For example, consider an invention that combines today’s rolling shoes—shoes with ‘pop-out’ wheels that allow for rollerskating—with pop-out interlockable planks that can be connected to form a skateboard. In many ways these two are substitutes: they are both used for transportation and exercise in ways that are less jarring than running and more portable than bicycles. To the best of the author’s knowledge, no such invention exists. Why would a skateboarder or rollerblader ever want to pay for a contraption that switches within seconds between the two modes? As illustrated here, it is simply very difficult to synthesize the feature embodied by a pair of rolling shoes, with the feature embodied by a skateboard.

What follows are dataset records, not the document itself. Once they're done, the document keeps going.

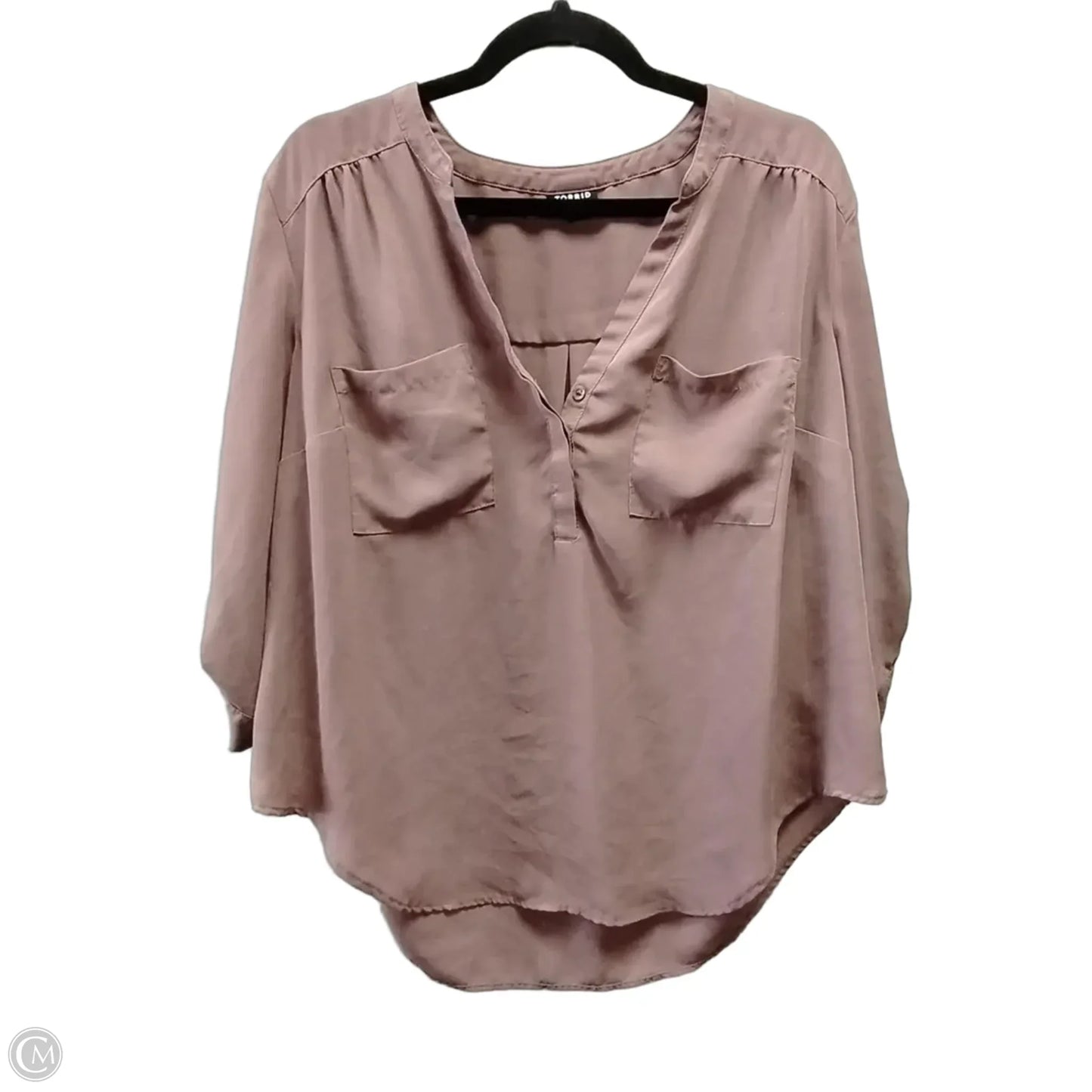 Top Long Sleeve By Torrid In Mauve, Size: L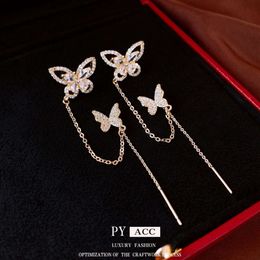 Real Gold Electroplated Zircon Butterfly Integrated Earrings, Ear Bone Clips, Fashionable Design, Light Earrings for Women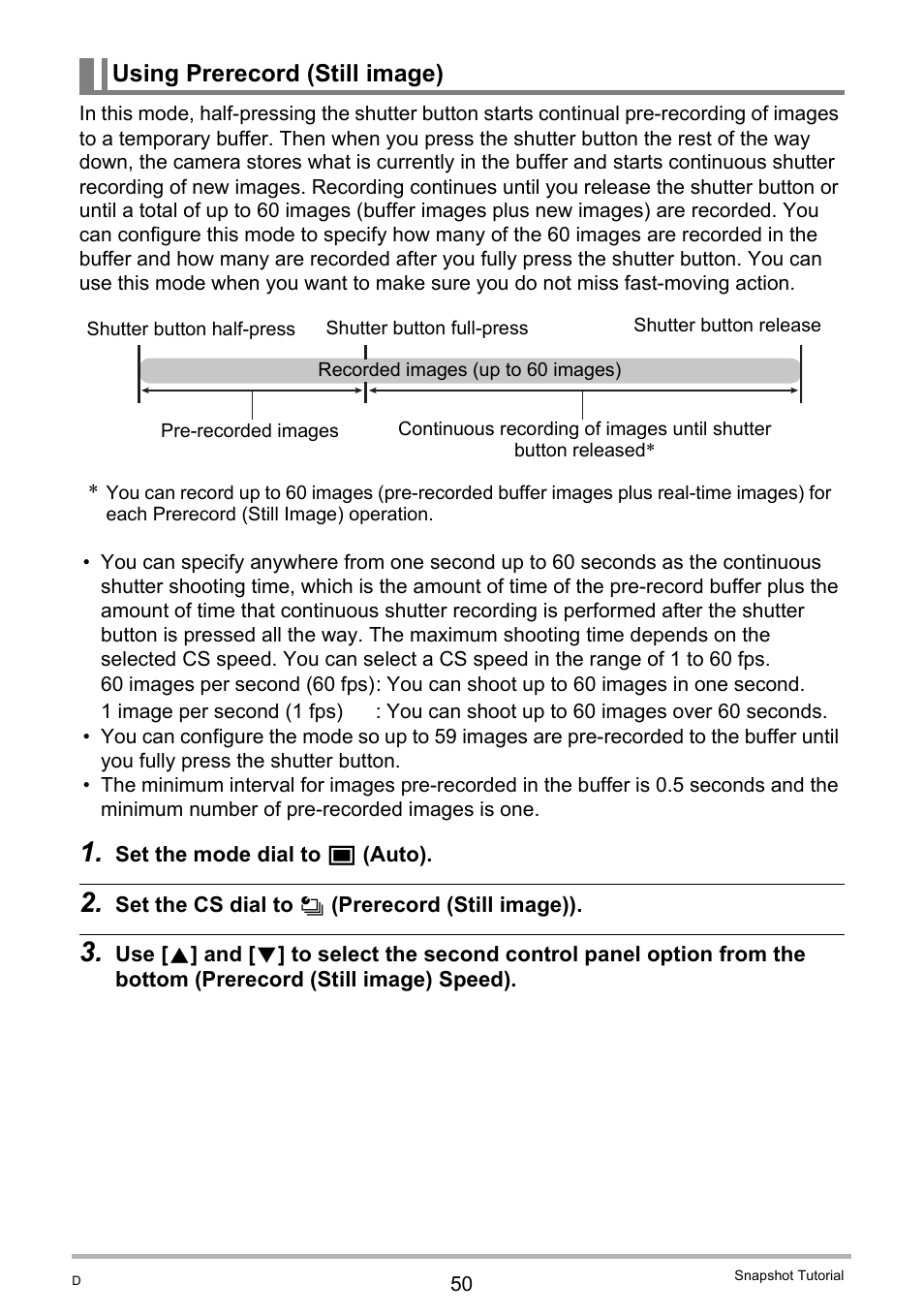 Using prerecord (still image) | Casio EXILIM EX-F1 User Manual | Page 50 / 185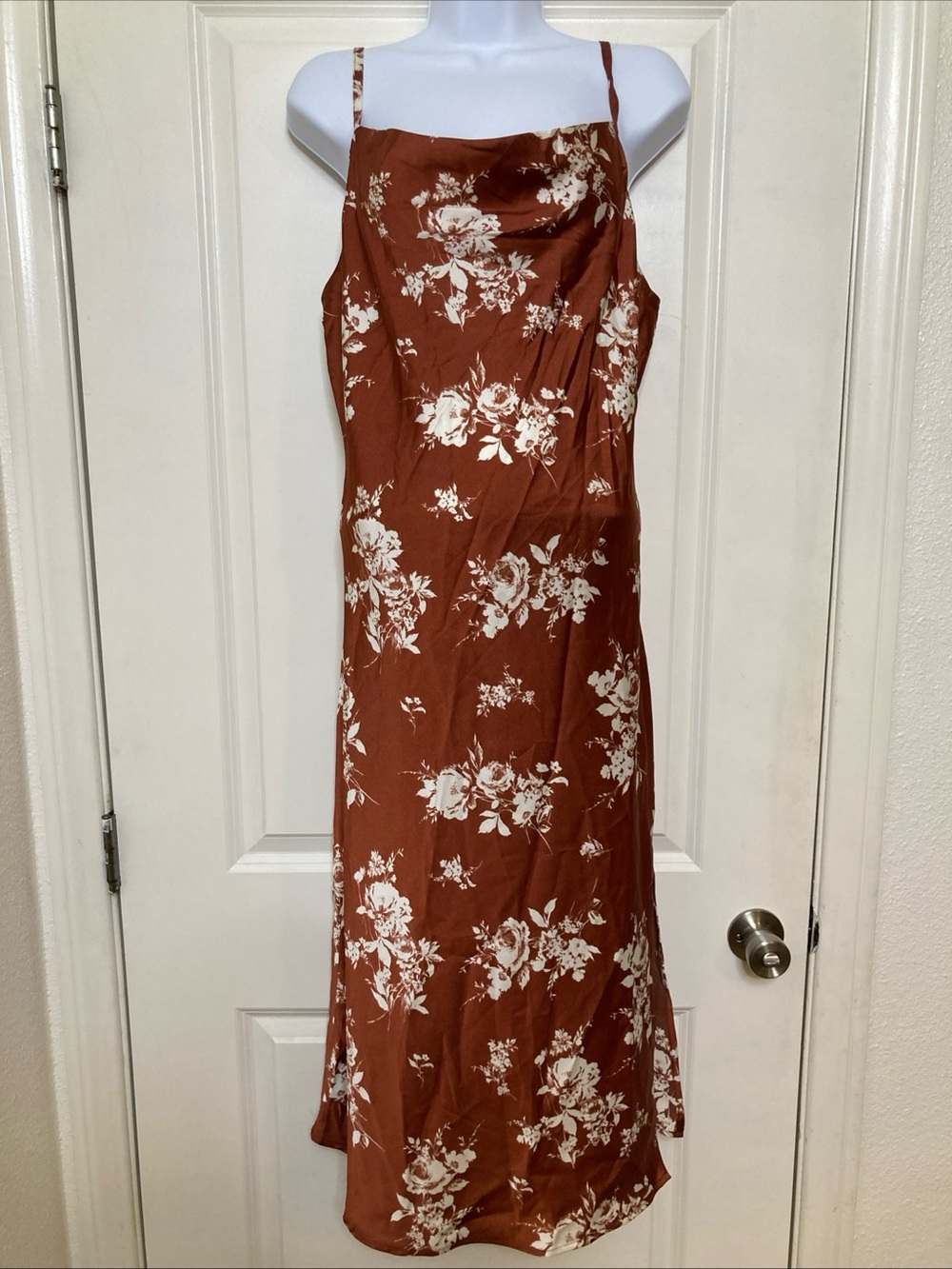 Y2K Floral Brown Slip Dress Cowl Neck Forest Fairy Boho Cottagecore Sz XL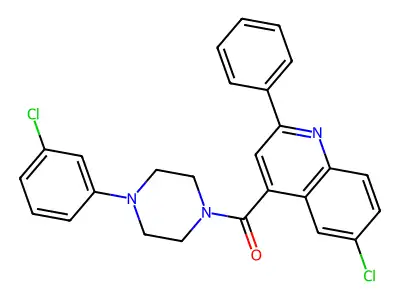 [4-(3-Chlorophenyl)piperazin-1-yl]-(6-chloro-2-phenylquinolin-4-yl)methanone structure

At moderate levels of relatedness among features, valuable connections are more likely discovered. Relatedness between features is not so low that it takes a prohibitively high level of knowledge scope to find situations shared by the features. At the same time, because relatedness is not too high, valuable integration does not require burdensomely costly synthesis. A minimization can be struck between the cost of connecting unrelated features and the cost of synthesizing or integrating overly related ones.

Hypothesis 1

The expected usefulness of inventions is highest when it involves features that tend to be intermediately related to one another.

Past research suggests that the success of a new product or invention is a positive function of the level of the firm’s so-called ‘proximal’ technological experience (Nerkar and Roberts 2004). Experience combining a set of components contributes to a ‘cognitive map’ of the values of solutions to a given problem (Gavetti and Levinthal 2000). Results and lessons learned from experience with specific features can be generalized and combined with other such lessons to help serve as a map in guiding experimentation with technologically related sets of features (c.f. Fleming and Sorenson 2004; see also Schilling et al. 2003).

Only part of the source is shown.